通过TRACE不难发现 因为之前没有收集过TEST表的统计信息, 所以这里出发了Dynamic Sampling的动态采样,这本身会引发对TEST表的 CR读请求,实际产生了一次’gc cr block 2-way’ 等待:

2012-04-29 07:28:33.632654 : kjbsentscn[0x0.12bbc1][to 2]

12bbc1= 1227713  与上述X$BH中的一个CR块对应,kjbsentscn[0x0.12bbc1][to 2] 可以理解为 向 Instance 2 发送了SCN=12bbc1=1227713   DBA=0x15c91.1 76896.0 的  CR Request(obj#=76896)

之后kjbrcvdscn函数确认了 [no bscn <= rscn 0x0.12bbc1][from 2] ,即没有 比已receive的 SCN Version =12bbc1 更好的Best Version

 

CR Server Arch

CR Server in Oracle9i Release 2 There are three instances involved: the requestor instance, the lock master instance, and the current block owner instance. The lock is granted if one of the following is true: Resource held mode is NULL. Resource held mode is S and there is no holder of an S lock in the master node.
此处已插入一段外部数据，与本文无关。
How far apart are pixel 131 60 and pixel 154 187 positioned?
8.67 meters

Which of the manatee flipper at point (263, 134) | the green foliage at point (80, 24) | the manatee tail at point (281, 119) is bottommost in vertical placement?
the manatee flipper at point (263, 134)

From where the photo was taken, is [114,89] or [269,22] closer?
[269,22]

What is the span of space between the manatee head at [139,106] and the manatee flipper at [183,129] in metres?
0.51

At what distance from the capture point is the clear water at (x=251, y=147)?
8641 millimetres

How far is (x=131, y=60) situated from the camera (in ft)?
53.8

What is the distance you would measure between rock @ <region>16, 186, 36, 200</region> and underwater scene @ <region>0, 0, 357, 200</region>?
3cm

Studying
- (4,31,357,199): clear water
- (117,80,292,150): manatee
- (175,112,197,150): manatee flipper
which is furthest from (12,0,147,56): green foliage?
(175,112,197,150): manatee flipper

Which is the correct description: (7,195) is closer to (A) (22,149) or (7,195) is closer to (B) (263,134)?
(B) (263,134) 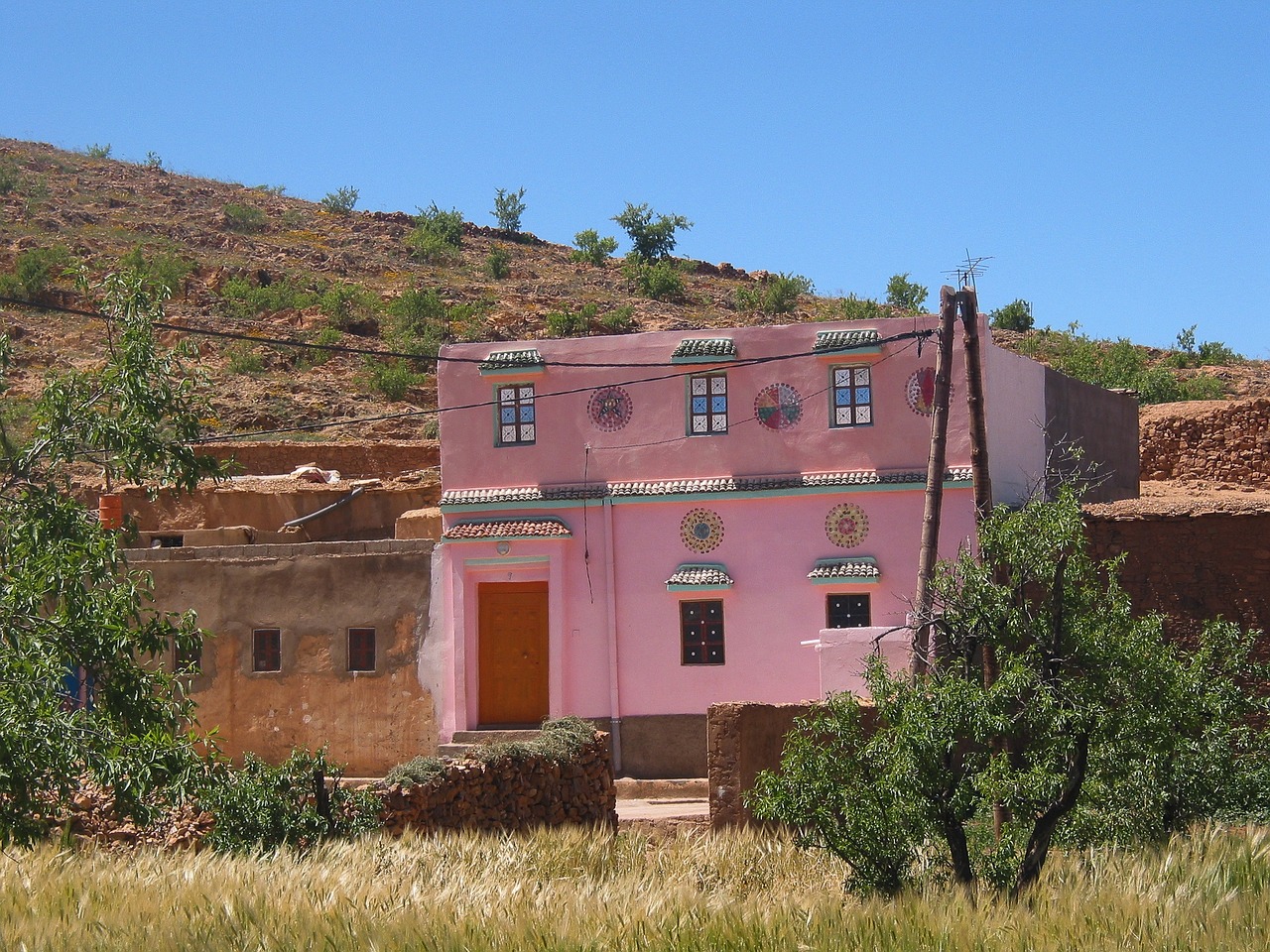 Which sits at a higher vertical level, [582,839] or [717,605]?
[717,605]

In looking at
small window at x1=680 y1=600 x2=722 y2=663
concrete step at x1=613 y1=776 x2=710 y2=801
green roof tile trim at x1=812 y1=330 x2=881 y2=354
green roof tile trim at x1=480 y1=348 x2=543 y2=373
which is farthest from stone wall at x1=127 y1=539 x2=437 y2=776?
green roof tile trim at x1=812 y1=330 x2=881 y2=354

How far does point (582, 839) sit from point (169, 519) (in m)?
16.1

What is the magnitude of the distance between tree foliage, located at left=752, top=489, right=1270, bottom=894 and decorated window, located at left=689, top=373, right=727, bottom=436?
10.7m

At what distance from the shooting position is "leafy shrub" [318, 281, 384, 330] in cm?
4700

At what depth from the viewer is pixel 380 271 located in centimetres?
5431

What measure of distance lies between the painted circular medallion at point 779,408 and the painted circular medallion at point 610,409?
1.94 meters

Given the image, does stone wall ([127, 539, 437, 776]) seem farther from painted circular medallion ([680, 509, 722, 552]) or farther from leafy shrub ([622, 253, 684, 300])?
leafy shrub ([622, 253, 684, 300])

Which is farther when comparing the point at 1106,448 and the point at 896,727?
the point at 1106,448

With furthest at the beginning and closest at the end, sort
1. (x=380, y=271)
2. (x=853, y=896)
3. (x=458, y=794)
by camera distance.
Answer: (x=380, y=271) → (x=458, y=794) → (x=853, y=896)

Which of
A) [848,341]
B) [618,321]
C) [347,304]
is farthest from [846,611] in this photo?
[347,304]

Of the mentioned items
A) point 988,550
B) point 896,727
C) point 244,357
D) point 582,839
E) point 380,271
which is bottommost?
point 582,839

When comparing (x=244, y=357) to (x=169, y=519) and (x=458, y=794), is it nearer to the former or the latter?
(x=169, y=519)

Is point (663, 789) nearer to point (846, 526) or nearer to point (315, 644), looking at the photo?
point (846, 526)

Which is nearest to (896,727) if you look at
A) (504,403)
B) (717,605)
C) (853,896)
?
(853,896) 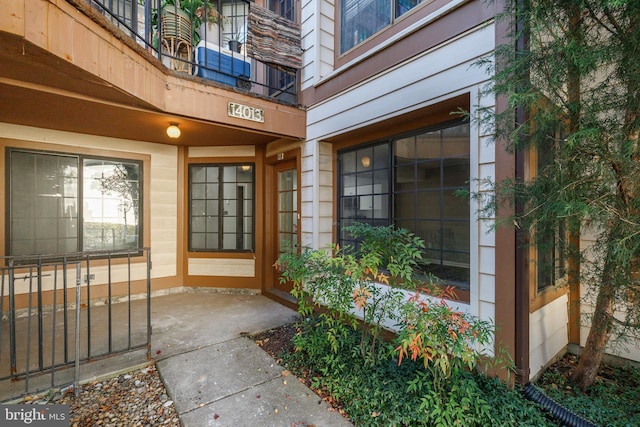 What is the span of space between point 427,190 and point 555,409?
1.88m

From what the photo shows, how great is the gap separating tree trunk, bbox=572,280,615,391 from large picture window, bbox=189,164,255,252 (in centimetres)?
431

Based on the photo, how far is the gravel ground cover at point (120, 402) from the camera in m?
1.90

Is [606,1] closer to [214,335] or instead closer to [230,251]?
[214,335]

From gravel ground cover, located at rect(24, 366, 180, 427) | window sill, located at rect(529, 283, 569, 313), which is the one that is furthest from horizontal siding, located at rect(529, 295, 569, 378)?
gravel ground cover, located at rect(24, 366, 180, 427)

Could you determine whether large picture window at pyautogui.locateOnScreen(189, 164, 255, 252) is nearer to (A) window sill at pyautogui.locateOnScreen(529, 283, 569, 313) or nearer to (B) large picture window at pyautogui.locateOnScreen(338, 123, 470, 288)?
(B) large picture window at pyautogui.locateOnScreen(338, 123, 470, 288)

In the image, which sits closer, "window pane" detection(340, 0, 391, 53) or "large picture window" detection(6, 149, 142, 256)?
"window pane" detection(340, 0, 391, 53)

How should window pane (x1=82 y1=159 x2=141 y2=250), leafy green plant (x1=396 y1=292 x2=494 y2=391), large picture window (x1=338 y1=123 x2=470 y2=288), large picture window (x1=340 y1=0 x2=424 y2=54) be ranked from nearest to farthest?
leafy green plant (x1=396 y1=292 x2=494 y2=391) → large picture window (x1=338 y1=123 x2=470 y2=288) → large picture window (x1=340 y1=0 x2=424 y2=54) → window pane (x1=82 y1=159 x2=141 y2=250)

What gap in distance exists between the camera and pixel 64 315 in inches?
91.5

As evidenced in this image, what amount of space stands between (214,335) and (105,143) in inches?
131

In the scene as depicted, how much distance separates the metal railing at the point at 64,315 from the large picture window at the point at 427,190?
2.46m

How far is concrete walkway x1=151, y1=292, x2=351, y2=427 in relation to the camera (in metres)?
1.93

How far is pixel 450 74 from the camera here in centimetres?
235

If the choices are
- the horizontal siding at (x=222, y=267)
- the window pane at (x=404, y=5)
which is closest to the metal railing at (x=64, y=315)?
the horizontal siding at (x=222, y=267)

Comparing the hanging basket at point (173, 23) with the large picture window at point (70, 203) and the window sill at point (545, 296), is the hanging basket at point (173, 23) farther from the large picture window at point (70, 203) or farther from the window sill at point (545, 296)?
the window sill at point (545, 296) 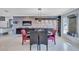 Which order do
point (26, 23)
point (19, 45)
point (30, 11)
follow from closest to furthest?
point (30, 11) < point (19, 45) < point (26, 23)

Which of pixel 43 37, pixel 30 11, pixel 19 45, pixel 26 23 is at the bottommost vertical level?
pixel 19 45

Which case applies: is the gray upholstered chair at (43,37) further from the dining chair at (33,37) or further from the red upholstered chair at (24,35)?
the red upholstered chair at (24,35)

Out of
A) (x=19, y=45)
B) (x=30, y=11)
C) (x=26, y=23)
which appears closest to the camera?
(x=30, y=11)

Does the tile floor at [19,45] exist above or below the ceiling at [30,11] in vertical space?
below

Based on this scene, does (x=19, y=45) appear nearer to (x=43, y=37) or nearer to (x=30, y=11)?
(x=43, y=37)

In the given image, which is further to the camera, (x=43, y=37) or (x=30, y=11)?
(x=43, y=37)

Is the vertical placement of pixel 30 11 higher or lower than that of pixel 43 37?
higher

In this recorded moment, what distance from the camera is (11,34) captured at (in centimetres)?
251

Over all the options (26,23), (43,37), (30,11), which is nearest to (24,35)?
(26,23)

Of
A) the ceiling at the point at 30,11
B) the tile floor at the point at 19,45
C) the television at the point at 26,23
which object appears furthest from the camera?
the television at the point at 26,23

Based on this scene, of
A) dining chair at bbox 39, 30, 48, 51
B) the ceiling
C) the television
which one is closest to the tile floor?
dining chair at bbox 39, 30, 48, 51

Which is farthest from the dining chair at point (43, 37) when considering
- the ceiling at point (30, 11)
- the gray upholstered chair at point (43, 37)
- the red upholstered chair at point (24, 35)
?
the ceiling at point (30, 11) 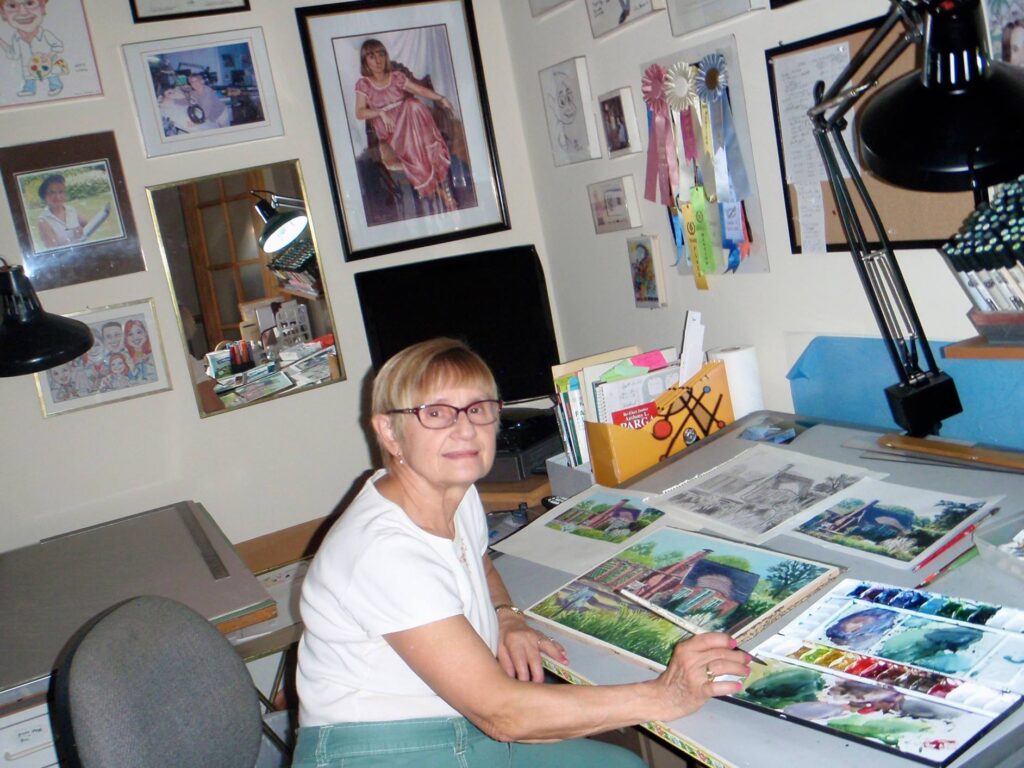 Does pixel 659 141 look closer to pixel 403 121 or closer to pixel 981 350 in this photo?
pixel 403 121

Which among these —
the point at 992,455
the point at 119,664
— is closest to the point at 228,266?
the point at 119,664

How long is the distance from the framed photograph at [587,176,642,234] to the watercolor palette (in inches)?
51.3

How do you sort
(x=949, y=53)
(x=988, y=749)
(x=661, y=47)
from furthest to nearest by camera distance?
(x=661, y=47), (x=949, y=53), (x=988, y=749)

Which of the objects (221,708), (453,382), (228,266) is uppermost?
(228,266)

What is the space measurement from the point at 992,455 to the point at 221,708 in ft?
4.17

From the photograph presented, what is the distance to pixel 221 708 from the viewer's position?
143 centimetres

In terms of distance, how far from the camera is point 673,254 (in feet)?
7.48

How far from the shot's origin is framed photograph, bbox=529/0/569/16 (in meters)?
2.44

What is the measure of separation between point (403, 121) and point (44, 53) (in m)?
0.91

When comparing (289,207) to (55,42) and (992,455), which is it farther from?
(992,455)

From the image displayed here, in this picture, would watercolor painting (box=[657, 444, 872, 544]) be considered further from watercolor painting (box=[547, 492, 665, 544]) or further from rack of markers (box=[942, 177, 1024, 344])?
rack of markers (box=[942, 177, 1024, 344])

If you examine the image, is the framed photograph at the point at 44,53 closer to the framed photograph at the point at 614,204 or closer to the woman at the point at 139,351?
the woman at the point at 139,351

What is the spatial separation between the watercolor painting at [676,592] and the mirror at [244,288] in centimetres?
136

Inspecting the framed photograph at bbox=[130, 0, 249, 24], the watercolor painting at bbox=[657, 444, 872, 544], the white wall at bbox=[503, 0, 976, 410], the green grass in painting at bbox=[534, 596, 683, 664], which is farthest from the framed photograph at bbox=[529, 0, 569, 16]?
the green grass in painting at bbox=[534, 596, 683, 664] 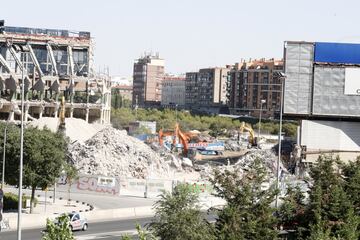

Otherwise, the master forwards the CR request to the holder node. If the lock is global, then you choose a node to forward the CR request to as follows: If there is a past image (PI) at the lock master instance, and the PI SCN is greater than snap-scn, then the master node is this node. Otherwise, you choose a PI with the smallest SCN and PI-SCN greater than snap-SCN. The owner node of this PI is the node you forward the CR request to. The PI with smallest SCN is the most interesting one, because you have less UNDO to be applied. If there is no PI at all, you choose the node that the current buffer belongs to.

 

 

动态采样完成后才真正执行了用户发出的SELECT语句:

 

 

PARSING IN CURSOR #140444682869592 len=18 dep=0 uid=0 oct=3 lid=0 tim=1335698913635874 hv=1689401402 ad='b1a188f0' sqlid='c99yw1xkb4f1u'
select * from test
END OF STMT
PARSE #140444682869592:c=4999,e=34017,p=0,cr=7,cu=0,mis=1,r=0,dep=0,og=1,plh=1357081020,tim=1335698913635870
EXEC #140444682869592:c=0,e=23,p=0,cr=0,cu=0,mis=0,r=0,dep=0,og=1,plh=1357081020,tim=1335698913635939
WAIT #140444682869592: nam='SQL*Net message to client' ela= 7 driver id=1650815232 #bytes=1 p3=0 obj#=0 tim=1335698913636071

*** 2012-04-29 07:28:33.636
kclscrs: req=0 block=1/89233

*** 2012-04-29 07:28:33.636
kclscrs: bid=1:3:1:0:7:83:1:0:4:0:0:0:1:2:4:1:26:0:0:0:70:1a:0:0:0:0:0:0:0:0:0:0:0:0:0:0:0:0:0:0:4:3:2:1:2:0:2:0:1c:86:2d:4:0:0:0:0:a2:3c:7c:b:70:1a:0:0:0:0:1:0:7d:f8:76:1d:1:2:dc:5:a9:fe:17:75:0:0:0:0:0:0:0:0:0:0:0:0:63:e5:0:0:0:0:0:0:10:0:0:0
2012-04-29 07:28:33.636209 : kjbcrc[0x15c91.1 76896.0][9]
2012-04-29 07:28:33.636228 : GSIPC:GMBQ: buff 0xba0e5d50, queue 0xbb79f278, pool 0x60013fa0, freeq 1, nxt 0xbb79f278, prv 0xbb79f278
2012-04-29 07:28:33.636244 : kjbmscrc(0x15c91.1)seq 0x3 reqid=0x1d(shadow 0xb4bb4458,reqid x1d)mas@2(infosz 200)(direct 1)
2012-04-29 07:28:33.636252 : kjbsentscn[0x0.12bbc4][to 2]
2012-04-29 07:28:33.636358 : GSIPC:SENDM: send msg 0xba0e5dc0 dest x20001 seq 24029 type 32 tkts xff0000 mlen x17001a0
2012-04-29 07:28:33.636861 : GSIPC:KSXPCB: msg 0xba0e5dc0 status 30, type 32, dest 2, rcvr 1

*** 2012-04-29 07:28:33.637
kclwcrs: wait=0 tm=865

*** 2012-04-29 07:28:33.637
kclwcrs: got 1 blocks from ksxprcv
WAIT #140444682869592: nam='gc cr block 2-way' ela= 865 p1=1 p2=89233 p3=1 obj#=76896 tim=1335698913637294
2012-04-29 07:28:33.637356 : kjbcrcomplete[0x15c91.1 76896.0][0]
2012-04-29 07:28:33.637374 : kjbrcvdscn[0x0.12bbc4][from 2][idx 2012-04-29 07:28:33.637389 : kjbrcvdscn[no bscn <= rscn 0x0.12bbc4][from 2]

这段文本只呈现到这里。